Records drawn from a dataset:
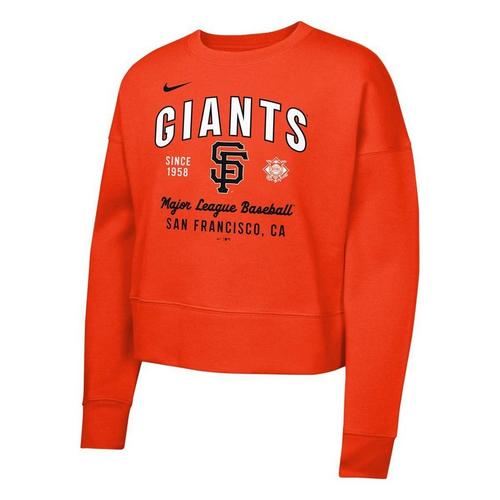 Nike Kids' Girls' San Francisco Giants Crew Crop - Primary Image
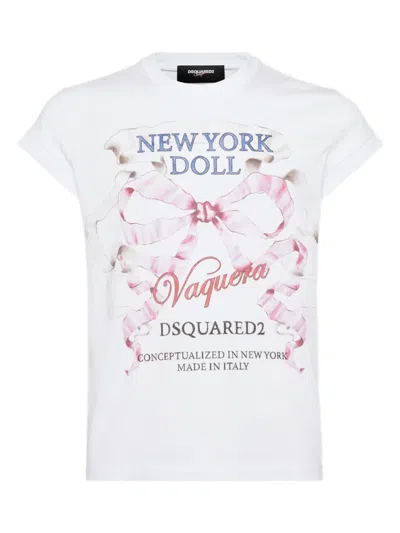 Dsquared2 X Vaquera Short-sleeved T-shirt In White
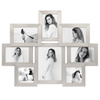 Multirama w srebrnym kolorze MULTI HEN S na 8 zdjęć ramka na zdjęcia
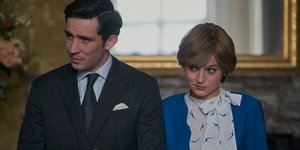 Η Έμμα Κόριν ως πριγκίπισσα Νταϊάνα στη σειρά του Netflix, "The Crown"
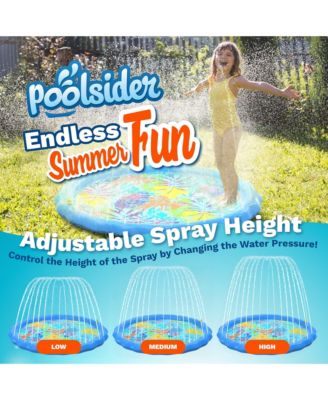 Large Splash Pad for Kids and Dogs | Water Sprinkler | 68" Splash Pads for Toddlers 1-3 & Play Mat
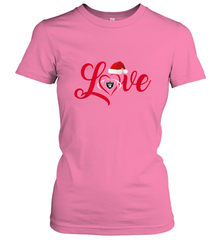 NFL Oakland Raiders Logo Christmas Santa Hat Love Heart Football Team Women's T-Shirt Women's T-Shirt - FordPhuMy
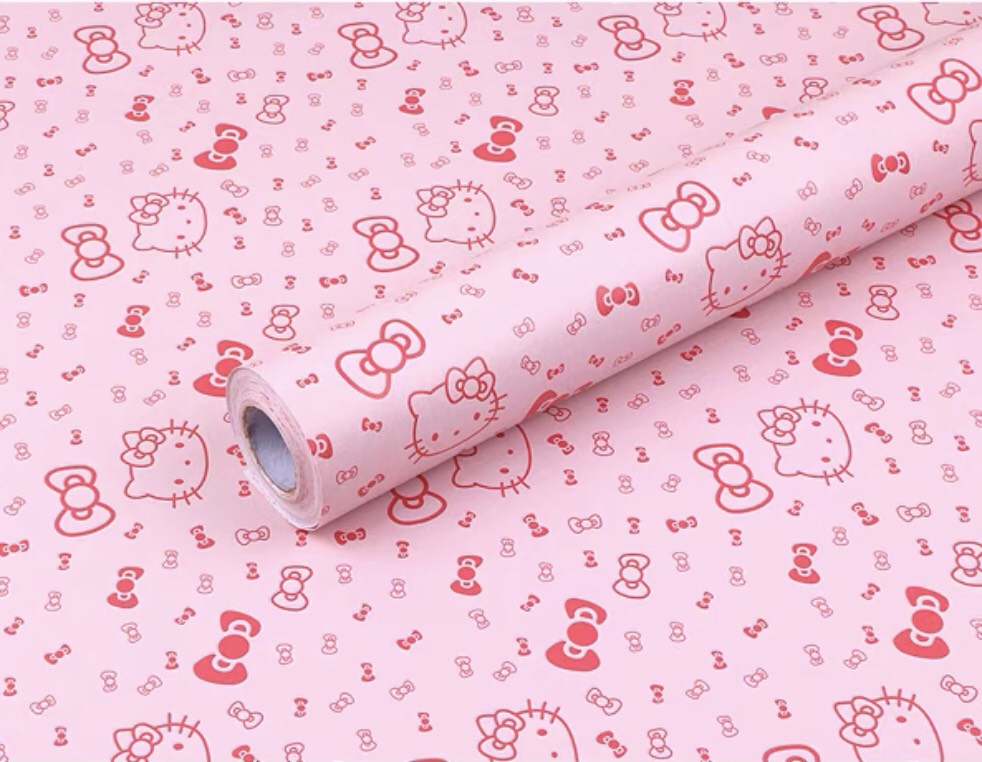 Combo 10 mét giấy dán tường, decal dán tường trang trí nhà cửa KITTY NƠ khổ 45cm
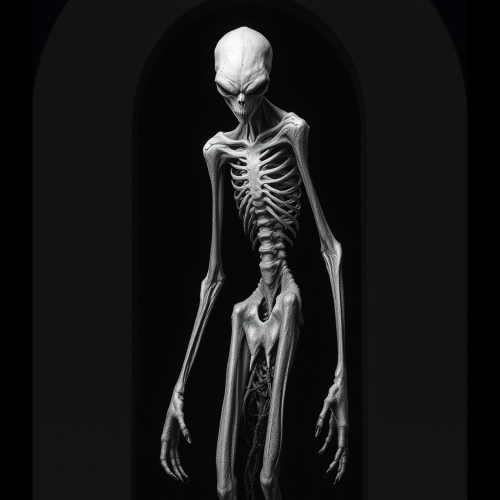 The Tall, Skinny Cosmic Horror Creature in Detail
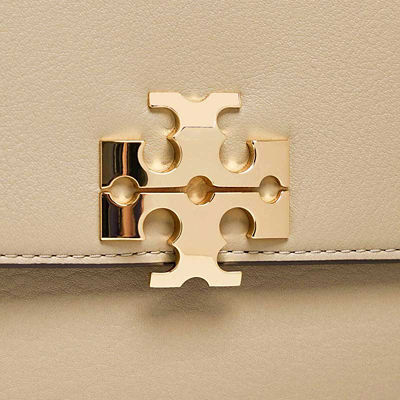 TORY BURCH Large Charlie Shoulder Bag Soft Cement 180727 6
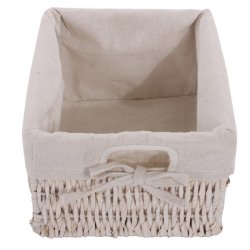 Kommode med 3 kurve, skuffe og skab - hvid vintage antik kommode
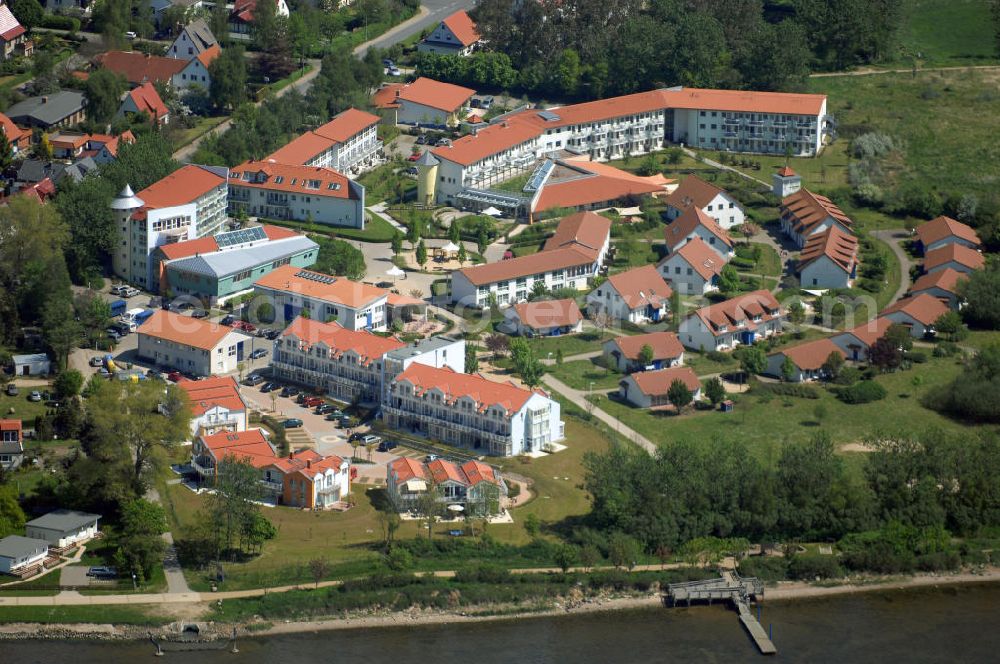 Rerik from above - Blick auf die fertige Erweiterungsbaustelle am Feriendorf der AWO-SANO GmbH. Ausführende Baufirma : D. Schröder Bauunternehmung KG Bruehl Hirnsdorfstraße 60, 19412 Brühl, Tel.: 03848320917, Projektsteuerung: Matrix Consultants Planungs mbH, Dr. Ing. Ali Labib M.Mahmoud, Haffwinkel 17 d, 18230 Rerik; http://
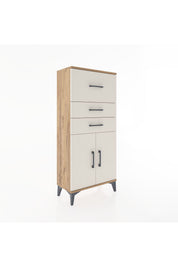 Hyperion Dolap Tek Raflı 3 Çekmeceli 2 Kapaklı 60x44x134 - S50M077V7B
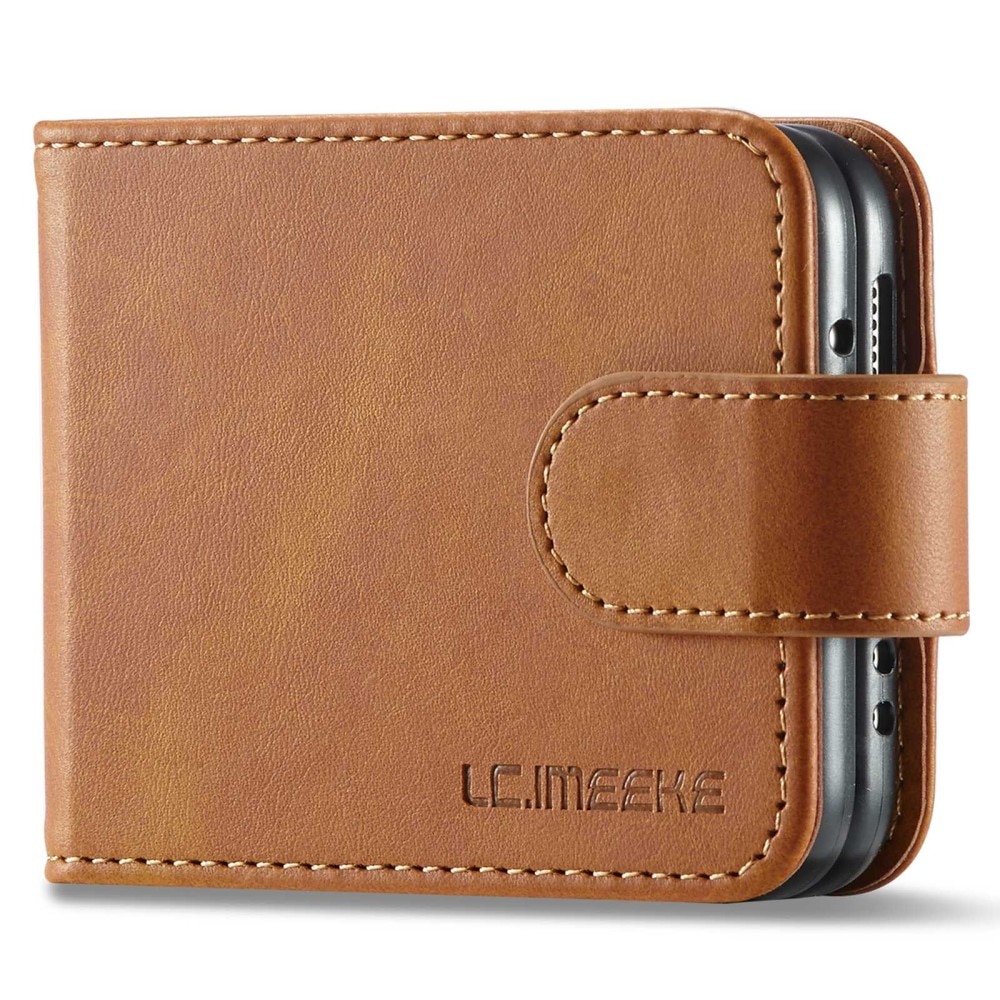 Bookcover hoesje Samsung Galaxy Z Flip 4 Cognac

Activity: All lines from the one holding "NFL Oakland Raiders" through the last line of the entries, and nothing else, are to be output exactly; leave out the pictures.

Your solution:
 NFL Oakland Raiders Logo Christmas Santa Hat Love Heart Football Team Women's T-Shirt Women's T-Shirt - FordPhuMy
 Combo 10 mét giấy dán tường, decal dán tường trang trí nhà cửa KITTY NƠ khổ 45cm
 The Tall, Skinny Cosmic Horror Creature in Detail
 TORY BURCH Large Charlie Shoulder Bag Soft Cement 180727 6
 Kommode med 3 kurve, skuffe og skab - hvid vintage antik kommode
 Rerik from above - Blick auf die fertige Erweiterungsbaustelle am Feriendorf der AWO-SANO GmbH. Ausführende Baufirma : D. Schröder Bauunternehmung KG Bruehl Hirnsdorfstraße 60, 19412 Brühl, Tel.: 03848320917, Projektsteuerung: Matrix Consultants Planungs mbH, Dr. Ing. Ali Labib M.Mahmoud, Haffwinkel 17 d, 18230 Rerik; http://
 Hyperion Dolap Tek Raflı 3 Çekmeceli 2 Kapaklı 60x44x134 - S50M077V7B
 Bookcover hoesje Samsung Galaxy Z Flip 4 Cognac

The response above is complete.